Kararı Demirel verdi, Çiller uyguladı

90'lı yıllarda Kürt iş insanlarına yönelik cinayetleri dönemin cumhurbaşkanı Demirel'in karar verdiğini o dönem başbakan olan Tansu Çiller'in ise uyguladığını iddia eden Baybaşin şöyle devam etti:

Öldürülecek Kürt şahsiyetlerin listesini o dönemin Askeri Yargıtay Başkanı İlhan Şener Paşa bizzat bana İstanbul’a getirip verdi.  Kendisiyle çok yakın görüşüyorduk. Onunla birbirimizin evlerine giderdik ve Ankara'ya gittiğimde Gölbaşı'ndaki Vilayetler Evi'nde sürekli yemek yemeğe giderdik. Başka devlet yöneticileriyle de o ortamda ve o çevrede görüşürdük. Generaller lojmanındaydı. Benim orada görüştüğüm başka generaller de vardı. Yani bana İstanbul’a gelmesi için bana yakın olduğunu izah etmek için tekrarlıyorum; öldürülecek Kürt şahsiyetlerin listesini İlhan Şener Paşa bana bizzat verdikten sonra bu listenin iptal edilebilmesi için çok çalıştım. Kendisi de çok yardımcı oldu ama söylemek zorundayım başaramadım.
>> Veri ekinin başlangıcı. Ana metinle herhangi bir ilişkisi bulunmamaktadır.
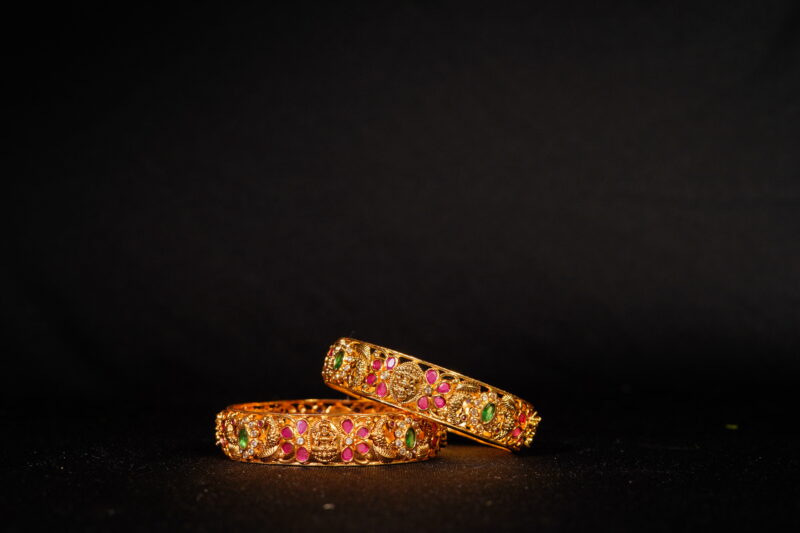 2pc Nakshi Lakshmi & Peacock Bangles with CZ Stones NFBA13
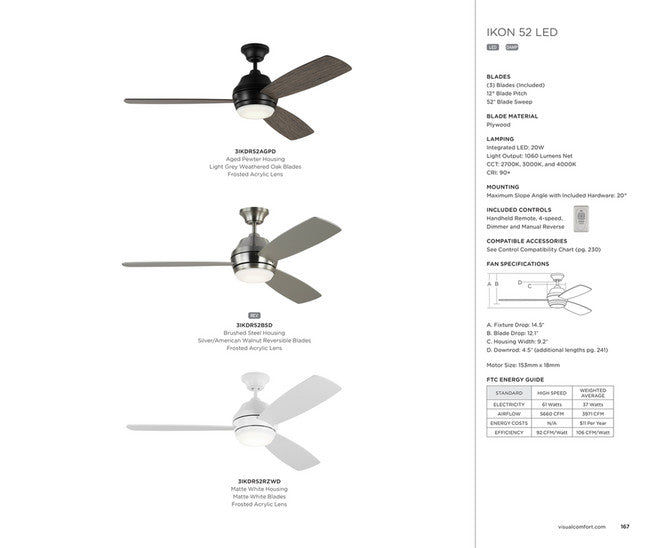 Visual Comfort Ikon 52 LED 52" Indoor/Outdoor Ceiling Fan with 20W LED and Remote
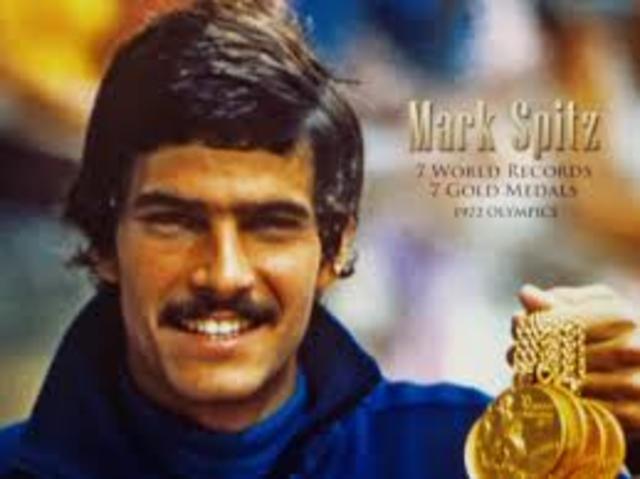 Mark Spitz Wins 7 gold medals at Olympics in Munich, West Germany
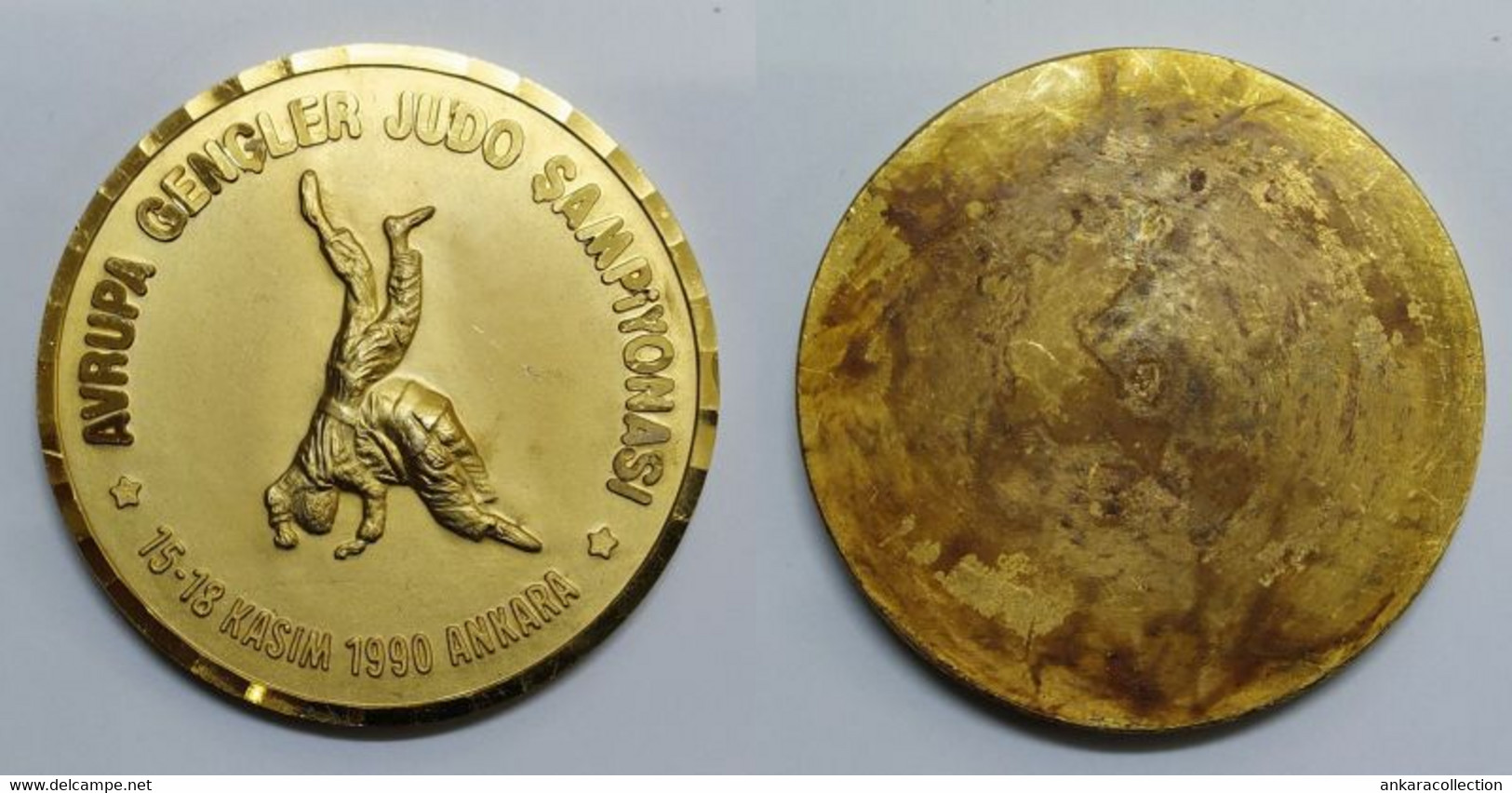 AC - EUROPEAN JUNIOR JUDO CHAMPIONSHIPS 15 - 18 NOVEMBER 1990 ANKARA BRONZE MEDAL - MEDALLION - Martial Arts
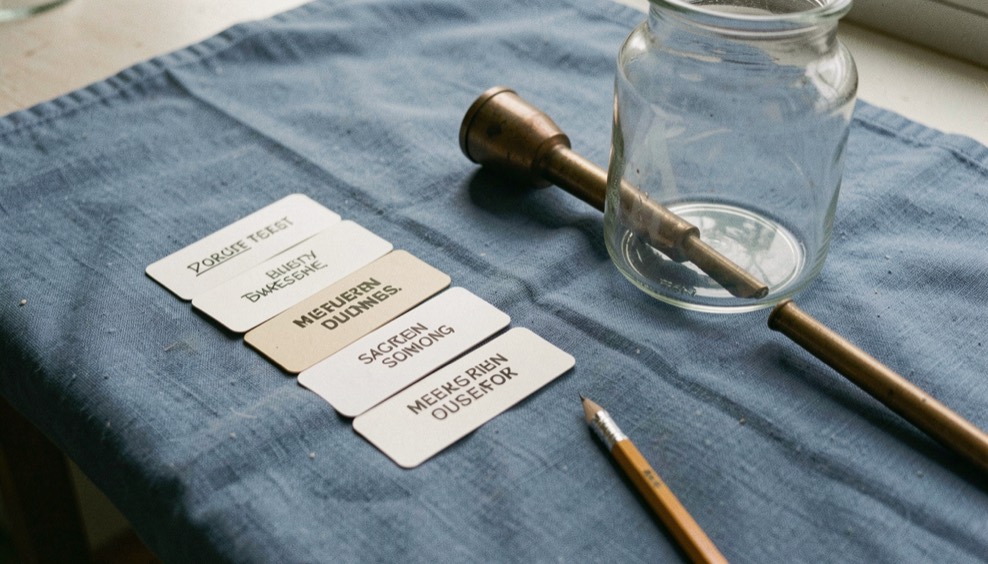 Karteikarten, Glasgefäß, Messingrohr und Bleistift liegen geordnet auf einem blauen Tuch neben einer Keramikschale.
Bazı emniyet ve askeri görevliler, MİT kurumunun içinde bazı pislik kişilikler kendi kafalarına göre bazı şahıslardan para koparmak amacıyla başka listeler hazırlamışlardı ve insanlardan para almaya çalışmışlardı. Bazı insanlardan para almışlardı da ama Demirel'in başkanlığında hazırlanan liste para alınmak için kullanılmadı. Kürtleri korkutup sindirmek amacıyla eli kanlı Demirel döneminde onun kendi kararıydı. Onun etrafındaki kişiliklerde onun emirlerine uygun davranmışlardı. İlhan Şener Paşa, bana bu durumu listeyi verirken çok net olarak izah etti.  Barbarca katledilen Kürt şahsiyetlerin hepsi emniyet görevlileri, emniyet araçları ve emniyete ait alanlar kullanılarak evlerinden, işyerlerinden ve yoldan alınıp kalleşçe katledildiler. Mehmet Ağar da Emniyet Genel Müdürüydü.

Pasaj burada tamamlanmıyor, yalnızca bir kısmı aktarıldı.